▶ **Exercise directions**
Everything in the records below from the line containing "Figura 1/6 Bubble" through the line containing "2019 Honda Pilot EX-L AWD photo" is to be reproduced exactly, those two lines included; no picture is to be copied.

▶ **Provided material**
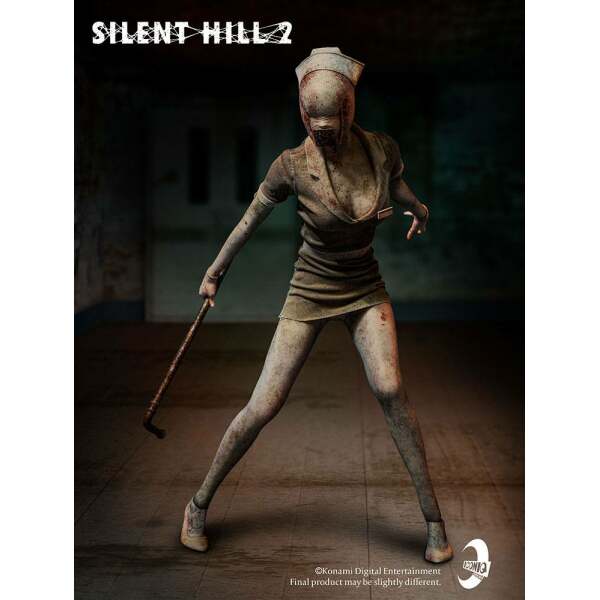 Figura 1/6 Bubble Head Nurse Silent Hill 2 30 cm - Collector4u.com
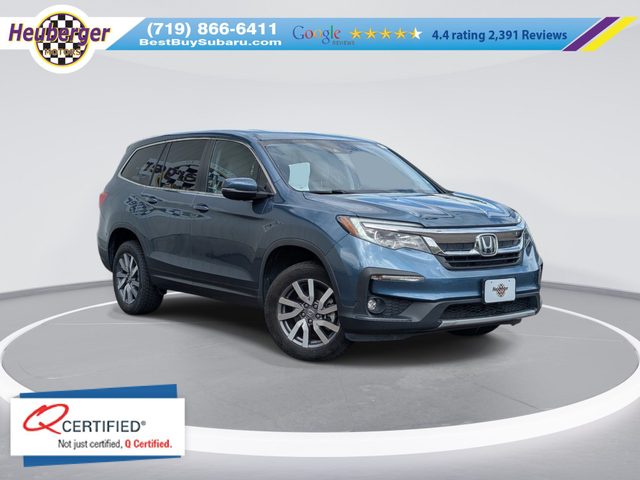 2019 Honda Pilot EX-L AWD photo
* * *
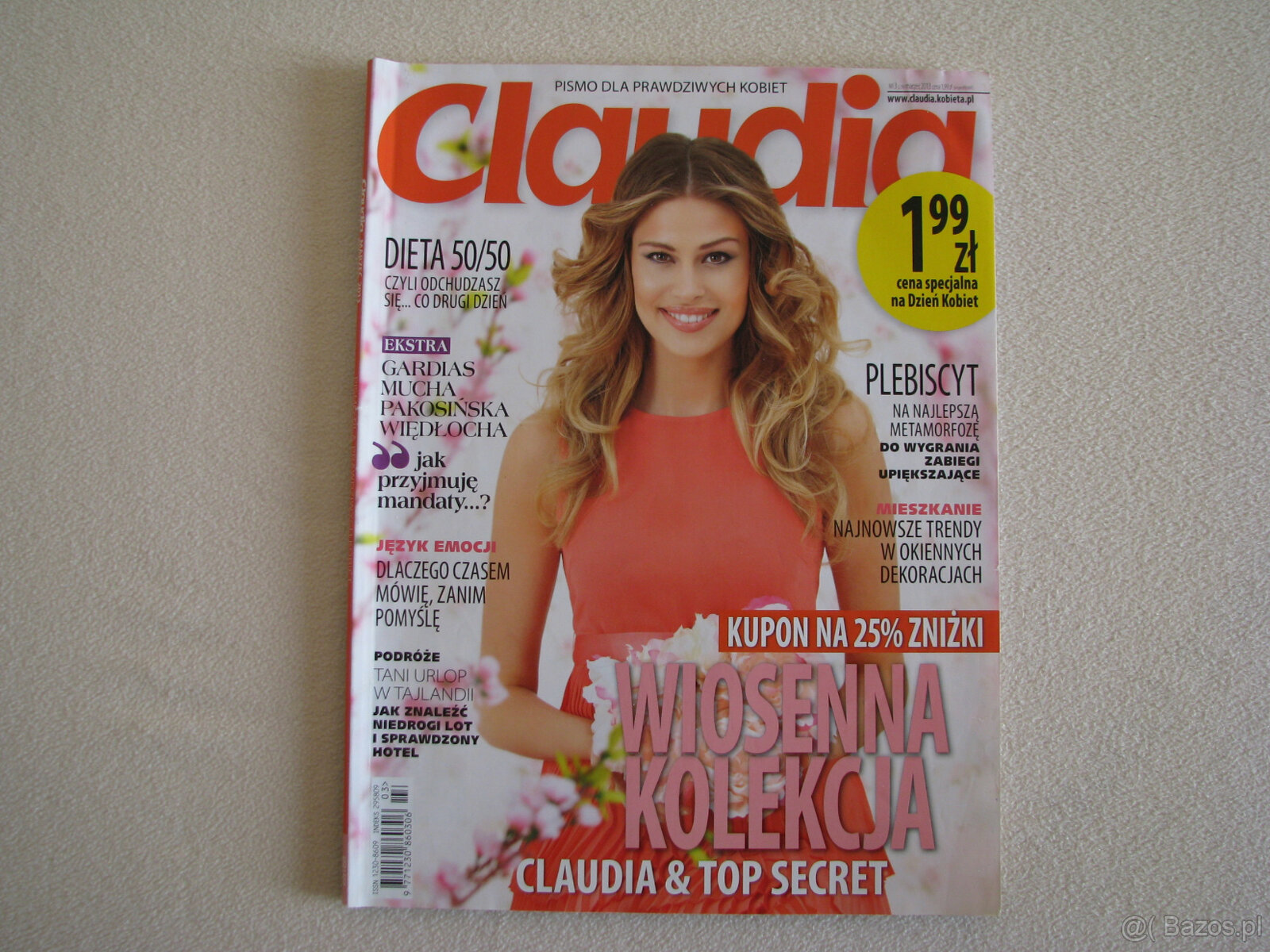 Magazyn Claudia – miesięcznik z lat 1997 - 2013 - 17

▶ **Solution**
 Figura 1/6 Bubble Head Nurse Silent Hill 2 30 cm - Collector4u.com
 2019 Honda Pilot EX-L AWD photo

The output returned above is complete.